Jakarta (ANTARA News) - Wakil Ketua DPR, Fahri Hamzah, mengungkapkan, pemecatannya sebagai kader PKS merupakan kasus rekayasa yang dilakukan petinggi partai politik itu. "Pemecatan saya itu, sebagai sebuah kasus rekayasa yang dibuat oleh lima pimpinan PKS tergugat," kata dia, dalam konferensi pers di Kompleks Parlemen, Jakarta, Jumat.
Ia membeberkan, saat proses pemecatannya, ada pimpinan PKS yang bertemu dengan presiden terpilih saat itu yaitu Joko Widodo (Jokowi). Bahkan menurut dia, ada pertemuan intensif antara pimpinan PKS dengan presiden terpilih saat itu.
"Ada satu artikel, pimpinan PKS bertemu Jokowi, Presiden PKS mengaku tidak izin ke KMP (Koalisi Merah Putih). Jadi ada dugaan tekanan kepada saya itu berkaitan dengan keinginan pimpinan PKS masuk ke pemerintahan," ujarnya.
Menurut dia, kepengurusan yang baru tersebut membuat keputusan yang bukan keputusan organisasi sehingga murni penyalahgunaan jabatan dalam partai karena seolah-olah keputusan partai kemauannya sendiri.
Ia menilai ketua Majelis Syuro PKS seharusnya dihukum karena membuat keputusan tanpa rapat partai namun sesuai keinginannya. "Ini dugaan saya, ada pengurus baru dia tidak tahu cara nego dengan pemerintahan baru. Karena itu sejak awal saya kecewa karena mereka tidak terlalu komit dengan Koalisi Merah Putih," katanya.

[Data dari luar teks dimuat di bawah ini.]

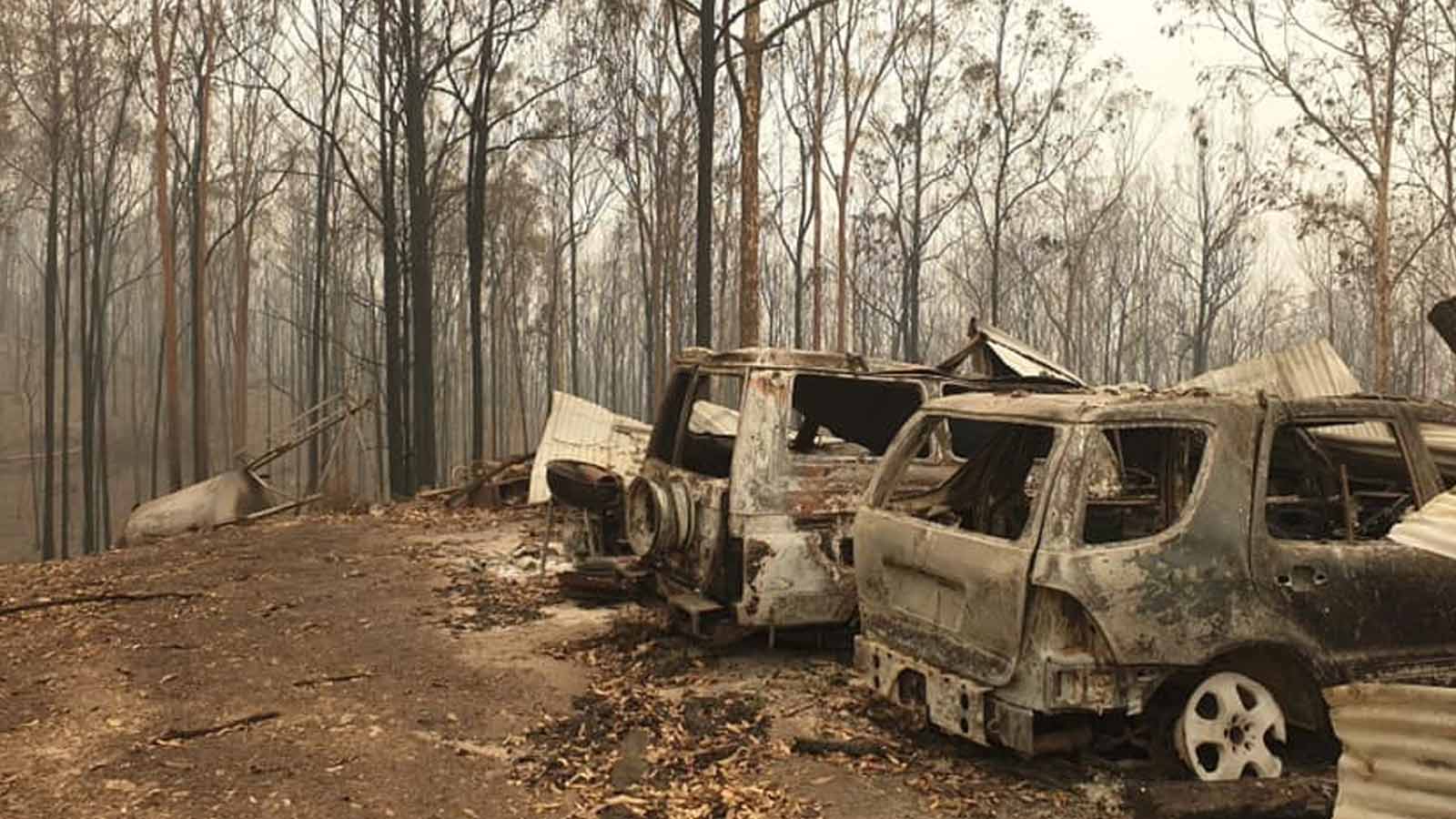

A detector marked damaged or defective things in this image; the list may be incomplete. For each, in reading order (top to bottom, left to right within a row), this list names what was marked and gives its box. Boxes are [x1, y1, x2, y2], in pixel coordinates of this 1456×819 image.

burned corrugated metal [524, 391, 648, 506]
destroyed pickup truck [626, 333, 1077, 641]
burned suv [626, 337, 1077, 644]
fire damaged debris [630, 333, 1085, 641]
burned suv [852, 389, 1456, 779]
fire damaged debris [852, 388, 1456, 783]
destroyed pickup truck [859, 389, 1456, 779]
burned corrugated metal [1325, 684, 1456, 819]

Karena itu, menurut dia, agar keinginan pimpinan PKS dapat diakomodir, lalu dibersihkan orang-orang yang dulu diangap punya sikap berbeda dengan pemerintah termasuk dirinya terutama dirinya menjabat sebagai sekretaris harian KMP.
Ia mengatakan Ketua Majelis Syuro PKS, Salim Segaf Al Jufri, pernah bertemu dirinya dan memberikan alasan mendekat ke pemerintah. "Mereka menganggap saya sebagai orang yang selalu kritis kepada pemerintahan. Namun di sisi lain, hal itu berpotensi membahayakan partai," kata Fahri mengutip perkataan Salim Segaf.
Namun, secara tegas Hamzah mengatakan, pimpinan PKS bisa saja semena-mena memecat dia dari partai, tetapi tidak bisa memecat dari jabatan di DPR RI, mengingat jabatan wakil ketua DPR ini merupakan ranah publik yang tak bisa diintervensi partai.